▸ **WORK INSTRUCTION**: Write out exactly, with both ends included, the lines that run from the line containing "Load image into Gallery viewer, Pink" to the end of the entries. Pictures are not part of the answer.

Captioned web image data:
┄┄┄┄┄┄
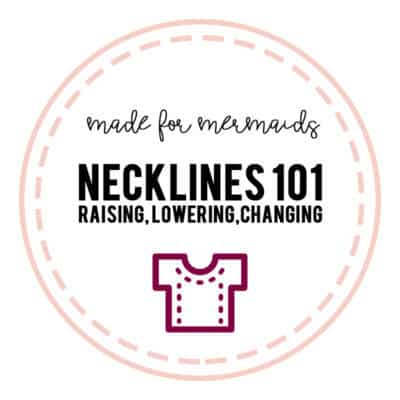Necklines 101: How to Raise, Lower, or Change the Neckline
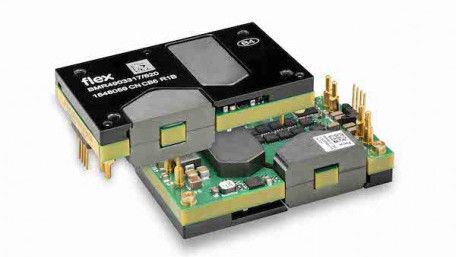 Flex Power Modules adds active current sharing to BMR490 DCDC converter
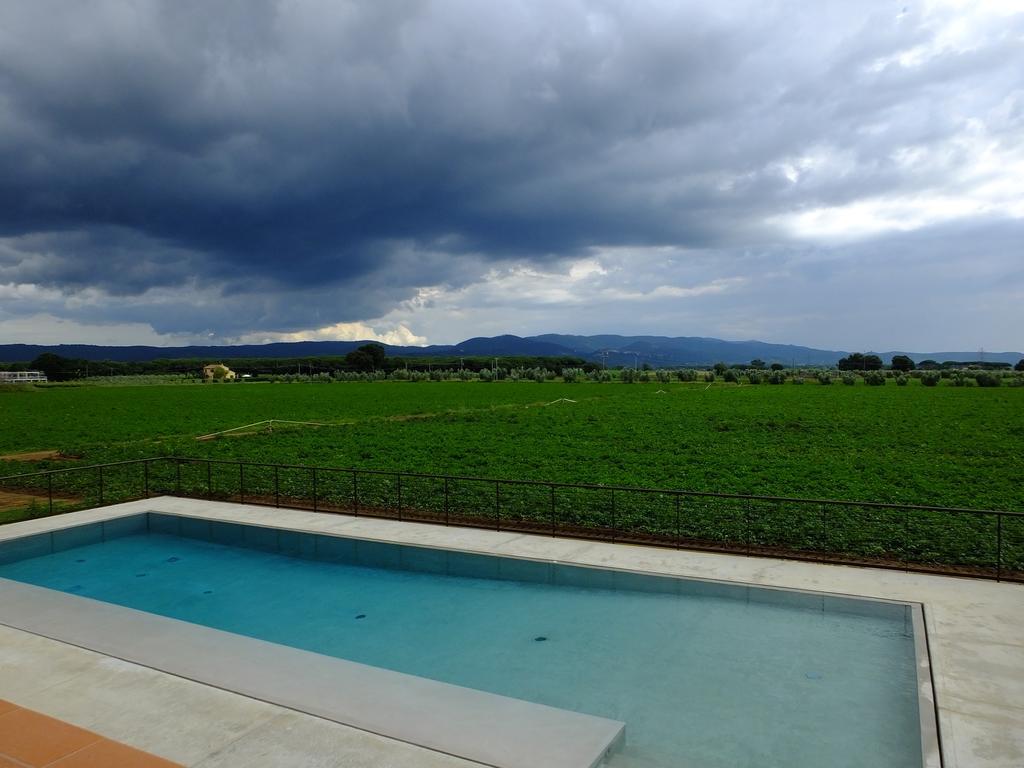 Agriturismo Sant'Uberto Bolgheri Exteriör bild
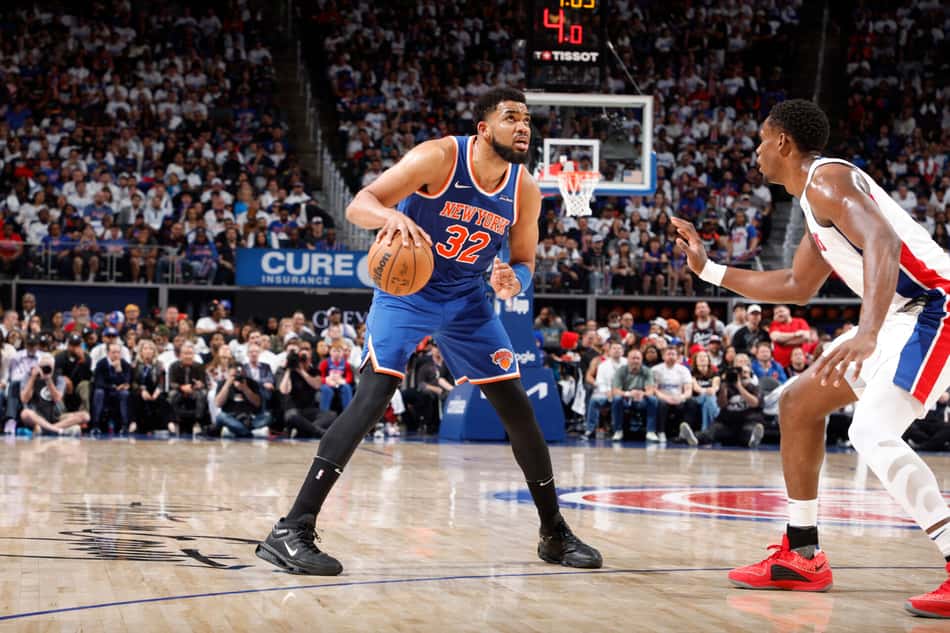 2025 NBA Playoffs- New York Knicks v Detroit Pistons – Game Three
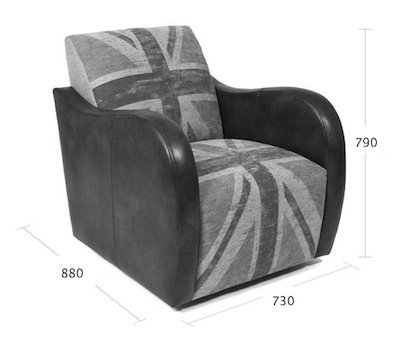 Кресло Master Jack Armchair Britannia Collection в Сочи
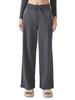 Pantalones deportivos de otoño e invierno para ocio, holgados, con cintura elástica y cordón, con pierna ancha y bolsillos laterales dobles, de escamas de pescado, DAW134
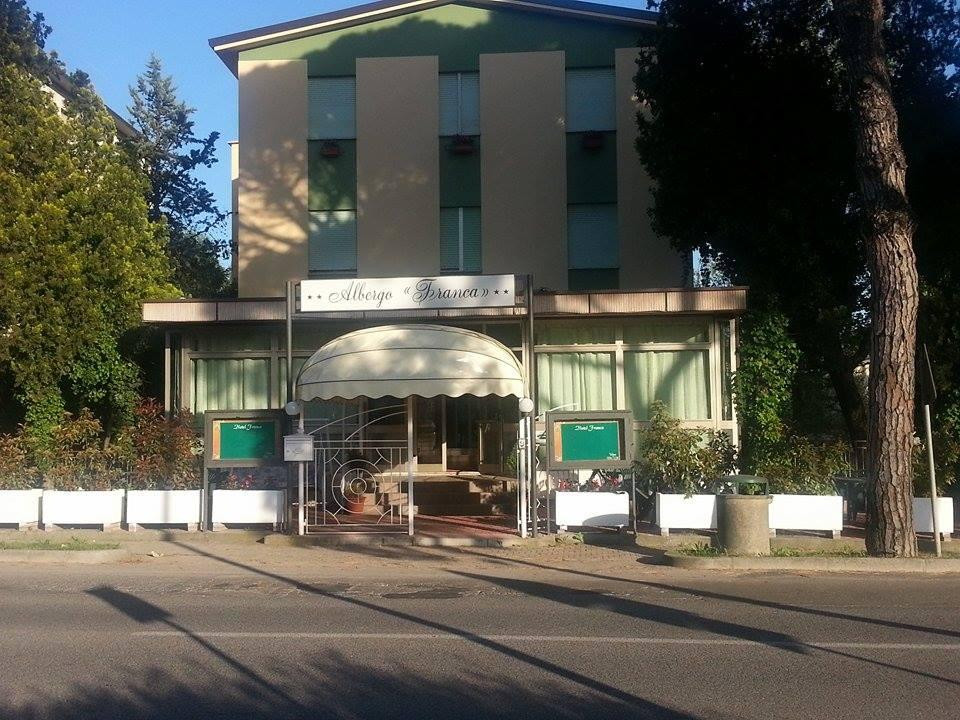Riolo Terme酒店住宿-Hotel Franca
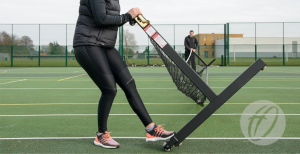 Wheelaway Freestanding Tennis Posts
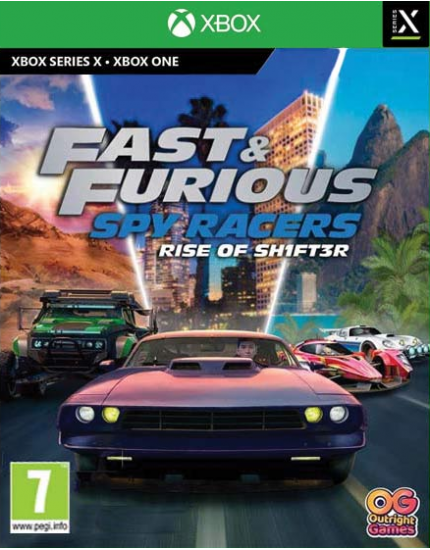 Fast and Furious - Spy Racers Rise of SH1FT3R (Xbox One/XSX) obrázok 1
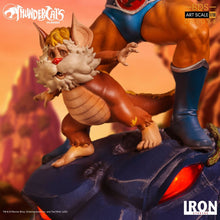 Load image into Gallery viewer, Iron Studios Lion-O & Snarf BDS Art Scale 1/10 - Thundercats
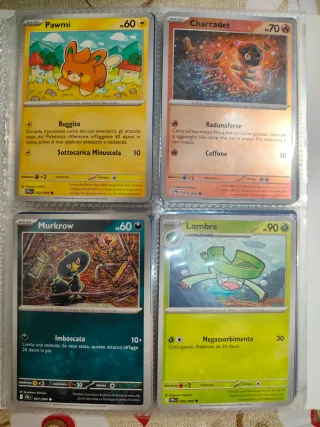 Carte Pokemon+raccoglitore+adesivi+codici+gadget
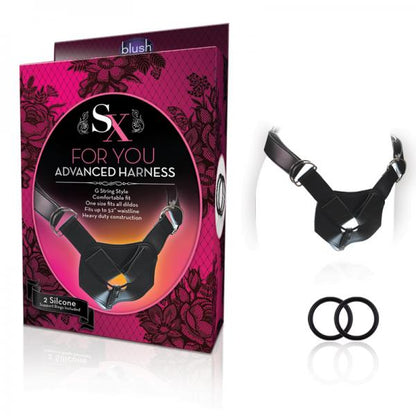 SX For You Beginners Harness Black - SP BOUTIQUE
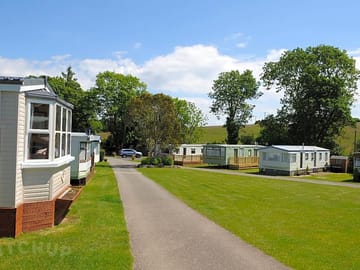 Static caravan park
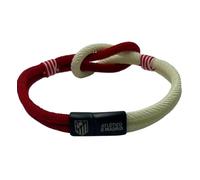 Atletico de Madrid Bracelet officiel, taille unique, Nylon, Pas de gemme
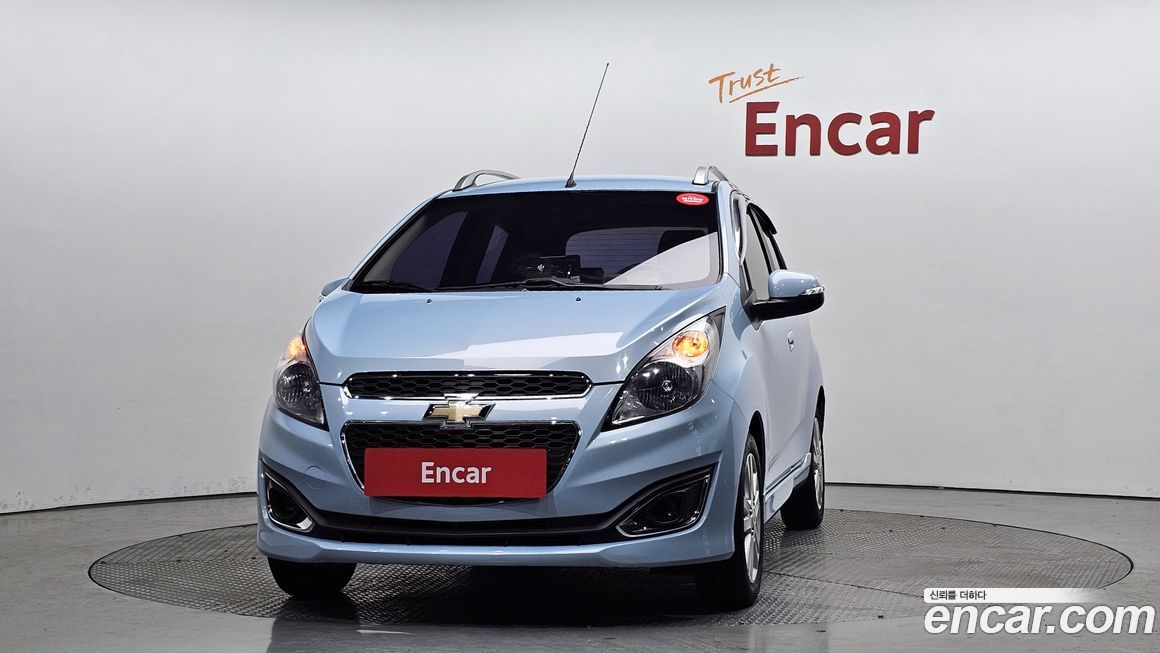 ChevroletGMDaewoo Spark 2014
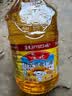 鲁花 食用油 物理压榨 葵花仁油6.18L  实拍图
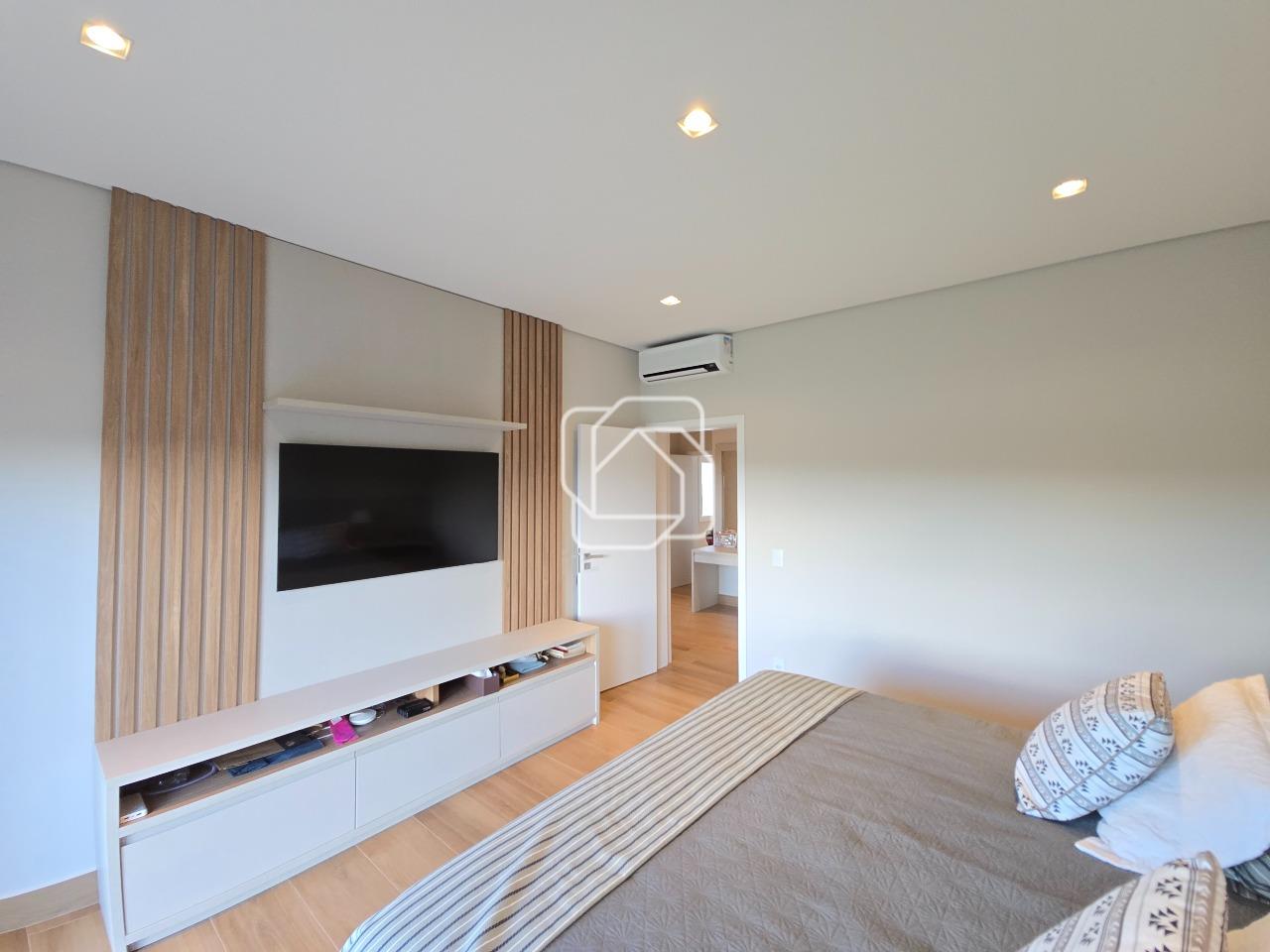 Casa de Condomínio à venda em Itu - SP - Residencial Parque Campos de Santo Antônio II: 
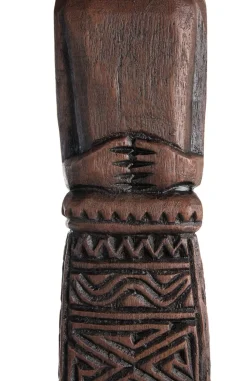 Milan beeld H86cm - Bruin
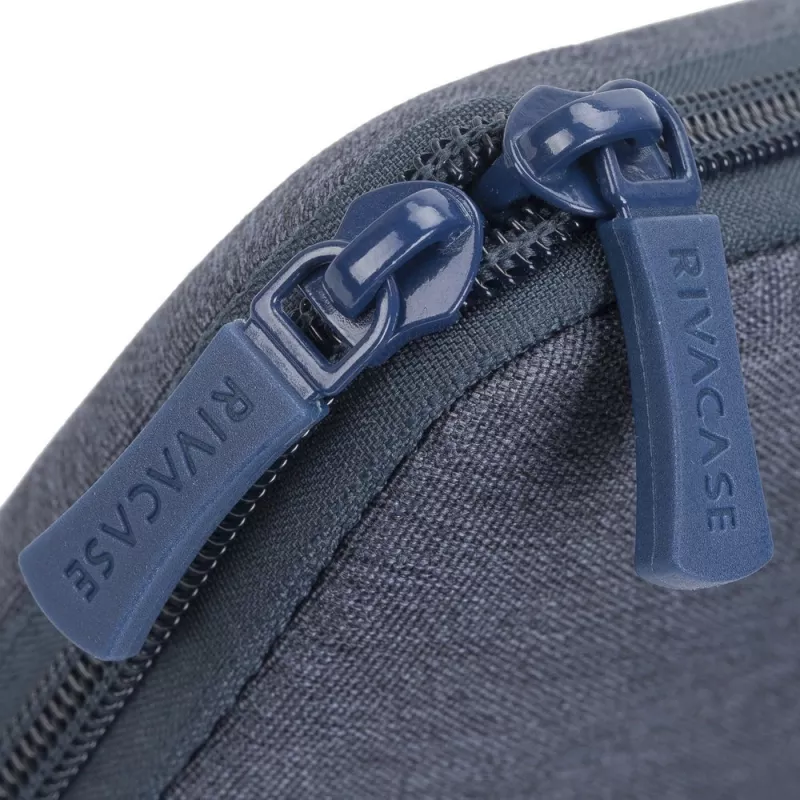 Funda para portátil Rivacase Suzuka 33,8 cm (13.3) Funda protectora Azul (7703 Azul)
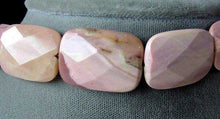 Load image into Gallery viewer, Pink Mookaite Facet 25x18mm Rectangular Bead Strand 104689 - PremiumBead Alternate Image 3
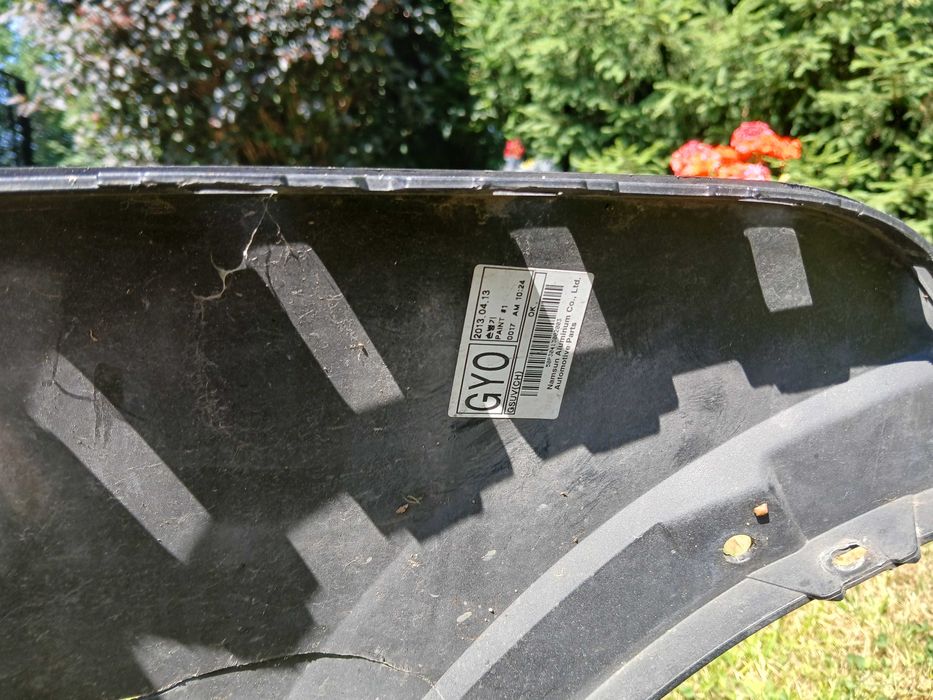 Zderzak do chevrolet trax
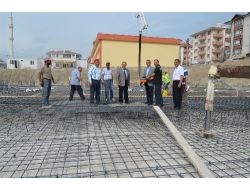 Üç Katlı Pazarın Temeli Atıldı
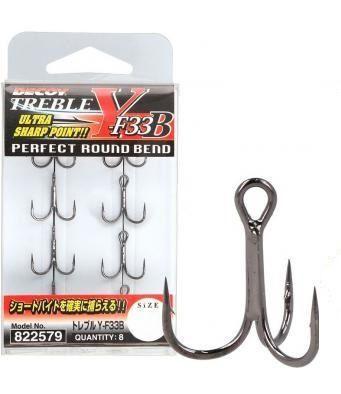 DECOY Y-F33B Treble üçlü iğne #14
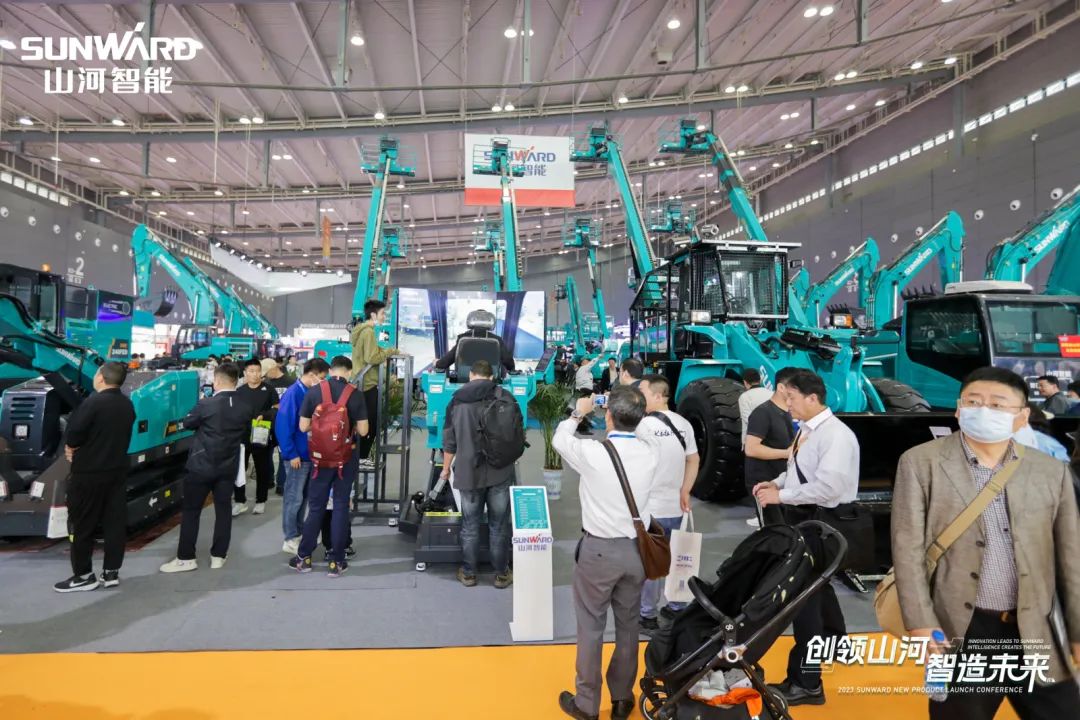 2023 CICEE | 开云官方注册-开云(中国)
智能亮相2023长沙国际工程机械展！智能化、电动化产品站C位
┄┄┄┄┄┄
▸ **RESULT FOR THIS TASK**:
 Load image into Gallery viewer, Pink Mookaite Facet 25x18mm Rectangular Bead Strand 104689 - PremiumBead Alternate Image 3
 Zderzak do chevrolet trax
 Üç Katlı Pazarın Temeli Atıldı
 DECOY Y-F33B Treble üçlü iğne #14
 2023 CICEE | 开云官方注册-开云(中国)
智能亮相2023长沙国际工程机械展！智能化、电动化产品站C位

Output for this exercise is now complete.